● **TASK TO CARRY OUT**
Reproduce without any pictures the lines from the one that contains "Satılır 2 otaqlı" through the end of the records, exactly as written.

● **EXTRACTED MATERIAL**
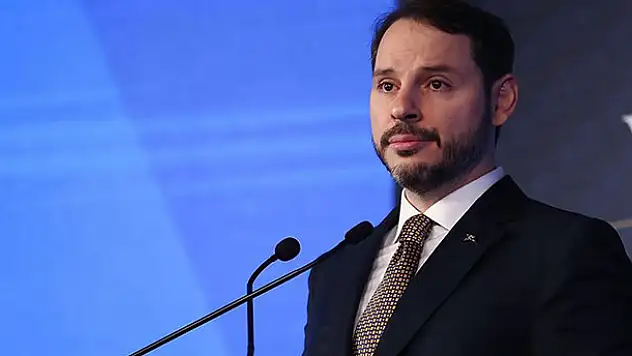 Bakan Albayrak: 'Türkiye küçülmedi'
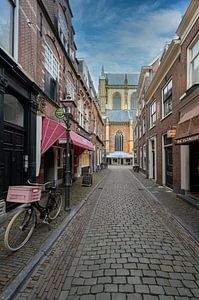 Warmoesstraat Haarlem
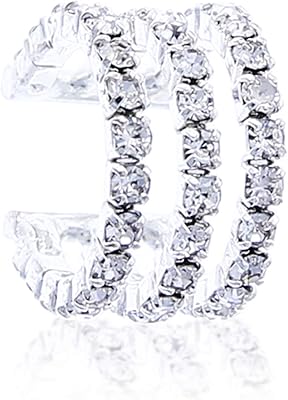 Boucles d'oreilles femme - boucles d'oreilles femme - plaqué argent sterling 925 ou plaqué or 14 carats - boucles d'oreilles huggie rondes brillantes en oxyde de zirconium - clip cartilage, métal, oxyde de zirconium. Diaytar Côte d'Ivoire se distingue par son offre diversifiée, allant des produits alimentaires aux articles ménagers, en passant par les accessoires de mode et les équipements électroniques. Cette boutique en ligne est dédiée à offrir un service client de haute qualité, avec des délais de livraison rapides et des options de paiement flexibles. Les clients peuvent ainsi profiter d'une expérience d'achat en ligne fluide et sécurisée.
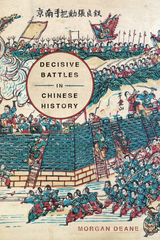 front cover of Decisive Battles in Chinese History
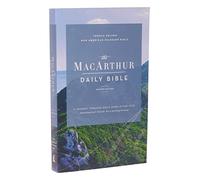 NASB MacArthur Daily Bible 2nd Edition Paperback Comfort Print NASB MacArthur Daily Bible 2nd Edition Paperback Comfort Print (Auteur)
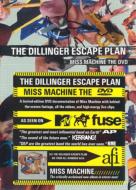 Dillinger Escape Plan/Miss Machine The Dvd - Dvd Case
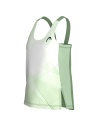 Head Spirit Tank White/Celery Green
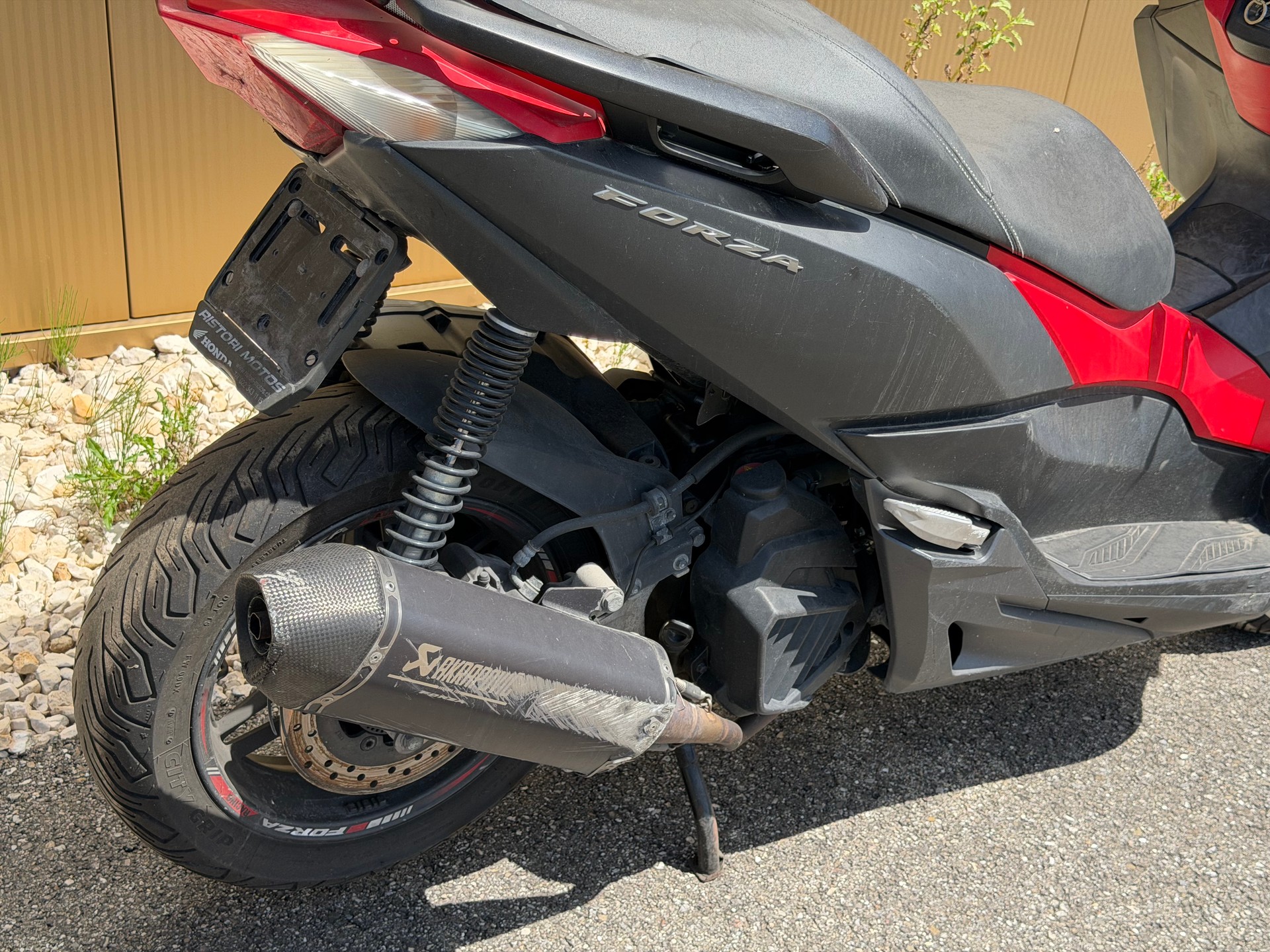 HONDA Nss125 Forza-image-6
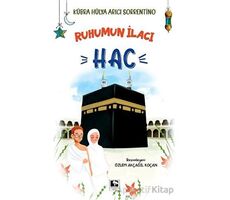 Ruhumun İlacı Hac - Kübra Hülya Arıcı Sorrentino - Çınaraltı Yayınları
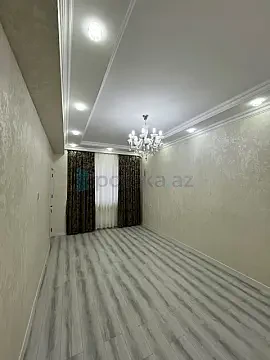 Satılır 2 otaqlı yeni tikili 44 m² — Bakı, Masazır 2 otaq 44.00 m²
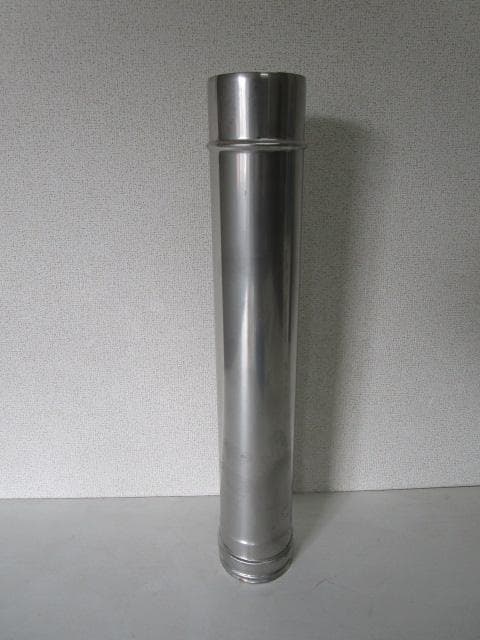 avanti オーランドストーブ用 延長煙突2本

● **SOLUTION TO THE EXERCISE**
 Satılır 2 otaqlı yeni tikili 44 m² — Bakı, Masazır 2 otaq 44.00 m²
 avanti オーランドストーブ用 延長煙突2本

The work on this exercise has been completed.